両者の予測では、今後10年間の世界の電力需要は、年平均で3%ずつ増えると見込んでいる。この増加が累積し、2030年には現在の需要量から50%以上増加する見通し。この増加で追加される新規電源が既存発電と類似した方式の場合、CO2排出量は約35億tと現在の排出量から25%増加すると想定される。両者の地域分析の一例では、再生可能エネルギーが重要視されている欧州で、再生可能エネルギー設備の最適な拡大が見られれば、2030年までに約450億ユーロが削減できるとされる。このシナリオでは、欧州の太陽ベルトと呼ばれる南部に新規太陽光発電設備を導入し、風の強い北部に風力発電を設置するなどを想定。米国では、送電網の質を向上させると、送電ロスによる年間800億ドルの損失が回避できるという。電力消費が急増している中国は、最大限に再生可能エネルギー開発を行えば、CO2排出量を現在のレベルに抑えられる見通しだが、そのために約2倍の投資が必要になる。一方、2030年までに中国の全石炭火力発電の3分の1を最新型のガス火力発電に転換した場合も、同規模の排出量削減が可能と見られている。
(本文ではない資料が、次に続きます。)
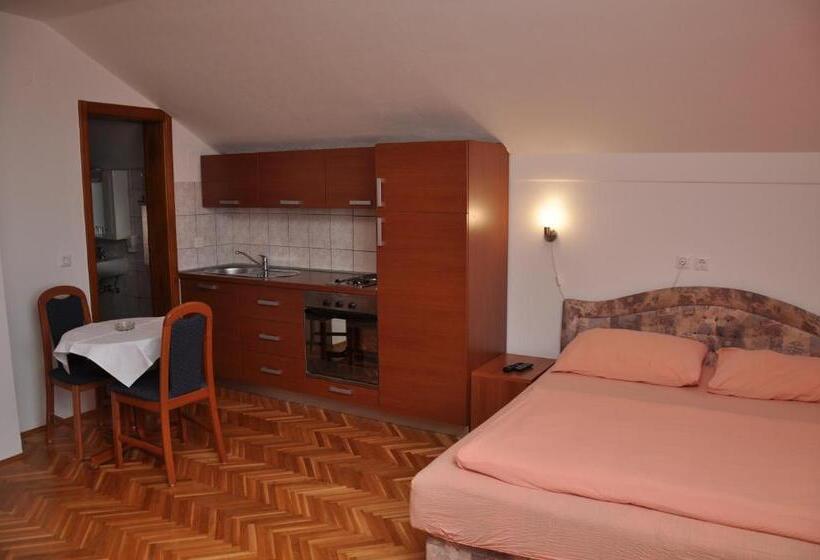 호텔 Pansion Antonio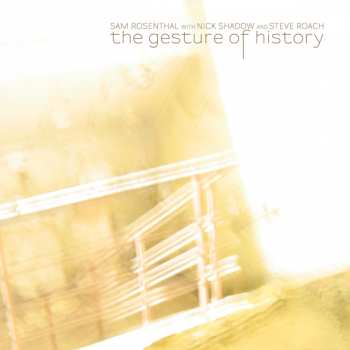 Album Steve Roach: The Gesture Of History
ヴィルダマン教授は、「2030年までに石炭火力発電が天然ガス発電に転換されれば、電力業界におけるCO2排出量は現在のレベルの5%を削減できるだろう。全ての石炭火力発電をガス火力発電には置き換えられないが、その潜在力は明らかだ」とコメントしている。また、ミヒャエル・ズイス・シーメンスAGエナジーセクターCEOは、韓国テグ市での世界エネルギー会議で、「サステナビリティと信頼性の高い電力供給のほか、経済性も常に重要だ。CO2の削減だけを目的に、稼動年数の浅い石炭火力発電所を閉鎖することに意味はない。しかし、ドイツでのCO2排出量が示すように、再生可能エネルギーだけを徹底的に拡大するだけでは、気候バランスの向上とはならない。米国のように、古い石炭火力発電所の閉鎖は、排出量の大幅削減だけでなく、経済的にも意味がある」と述べた。